- À gauche : Pere Borrel del Caso, Escapando de la critica, Madrid (1874).
- À droite : gravure sur bois d’un artiste inconnu illustrant le livre L’atmosphère : météorologie populaire (1888) de Camille Flammarion (1842-1925).
Voici deux images fascinantes qui illustrent le rêve de tout homme curieux : celui de sortir du cadre de sa vie.
Hirkbouf, Snaebjörn Galti, Éric le Rouge, Marco Polo, Christophe Colomb, Neil Armstrong : tous ont été rongés par le gène de l’exploration et de la découverte — celui-là même qui pousse le bébé à se retourner, l’enfant à se mettre debout, l’adolescent à risquer sa vie. Nous voulons sentir, toucher, voir, comprendre… au-delà de ce qu’il nous est donné de sentir, de toucher, de voir, de comprendre. C’est irrésistible.
À croire que l’homme est une sorte de limaille de fer que l’Inconnu avec un grand I a le pouvoir de mettre en branle, de redresser, de déplacer et d’attirer à lui. Cet aimant, ce pôle d’attraction universelle que Pierre Teilhard de Chardin appelait « le point Oméga », véritable moteur de l’évolution, toute personne curieuse en expérimente chaque jour l’attrait et y cède autant qu’il peut. Ce qu’on appelle de la curiosité pourrait bien être, en fait, l’expression d’une allégeance naturelle à quelque force qui, depuis le Big Bang, nous surplombe et nous appelle au dépassement.
En examinant notre univers, c’est nous-mêmes que nous examinons, et quand nous plongeons en nous-mêmes, c’est encore l’univers qui plonge en lui et s’observe. Nous faisons partie d’un tout. Comment sortir du cadre de notre petite vie d’homme quand on sait que les atomes de notre corps ne sont pas étrangers à ceux de GN-z11, la plus lointaine des galaxies observées?

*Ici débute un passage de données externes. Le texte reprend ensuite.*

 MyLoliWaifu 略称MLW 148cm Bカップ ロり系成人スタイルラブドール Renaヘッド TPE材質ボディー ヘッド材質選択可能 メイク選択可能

Nous sommes faits des mêmes pièces de Meccano que l’univers tout entier. Une entité s’amuserait à assembler ces pièces pour en faire des êtres humains, des animaux, des planètes. Une fois réalisée, l’idée perdrait de son intérêt. L’entité démonterait alors ses inventions pour en réaliser d’autres avec les mêmes composantes. Nous serions à la merci d’une patience d’enfant.

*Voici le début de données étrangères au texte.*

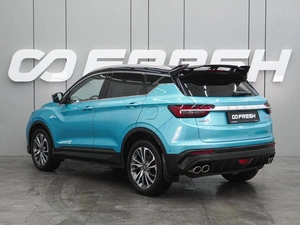 Внедорожник Geely Coolray 2023 года, 2089000 рублей, Воронеж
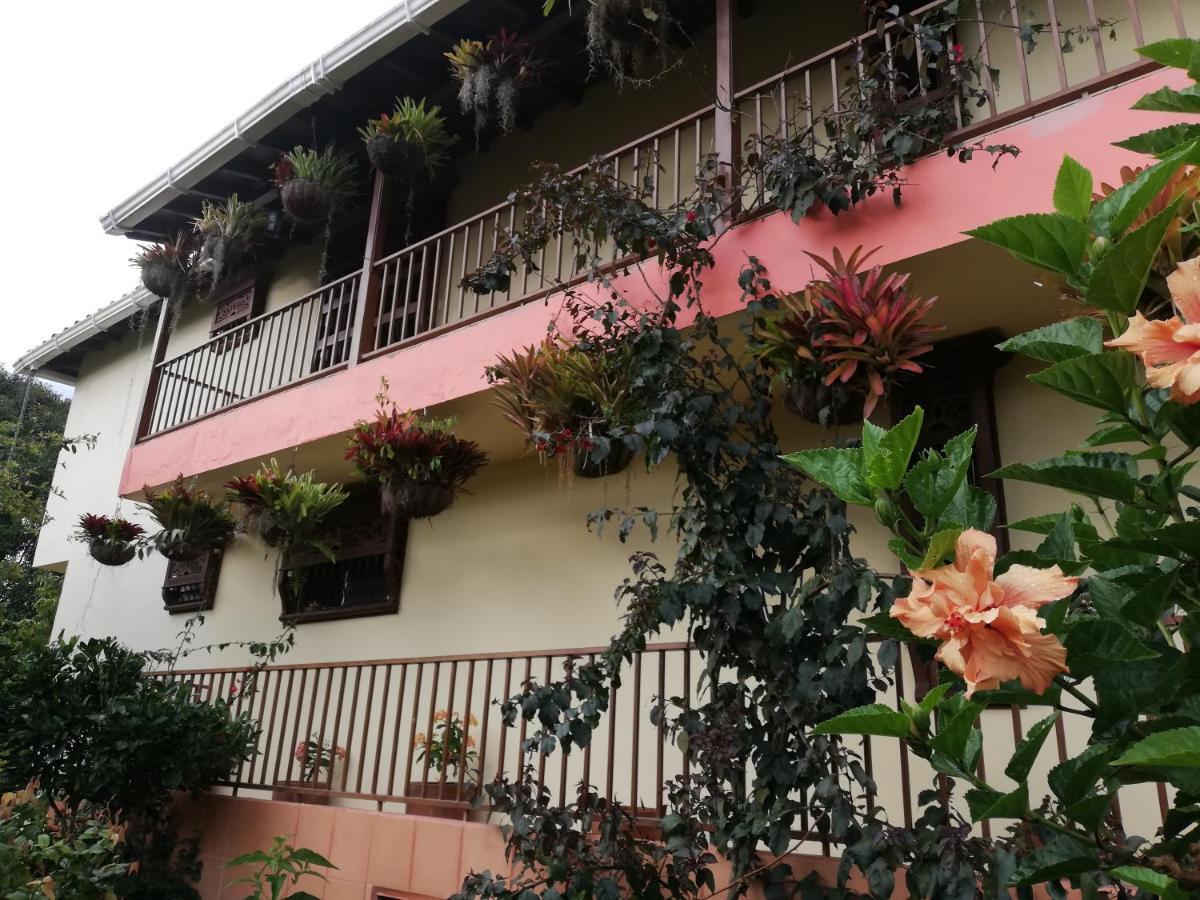 Mi Jardin Encantado Villa ภายนอก รูปภาพ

Pourtant, quelque chose en nous s’oppose à cette vision des choses. Le sentiment que nous avons de la valeur, et cela, en dépit de notre insignifiante éphémérité. Nous n’acceptons pas l’idée que nous serions comme des moucherons à la surface de la Terre. Nous valons mieux que cela, pensons-nous. La dignité est inscrite dans notre ADN. C’était l’idée de Teilhard de Chardin : l’esprit est présent dans l’atome.
Se pourrait-il que l’infrastructure gigantesque qu’est l’univers ait pour but de produire, à terme, quelque chose d’immatériel qui, oui, pourrait sortir du cadre?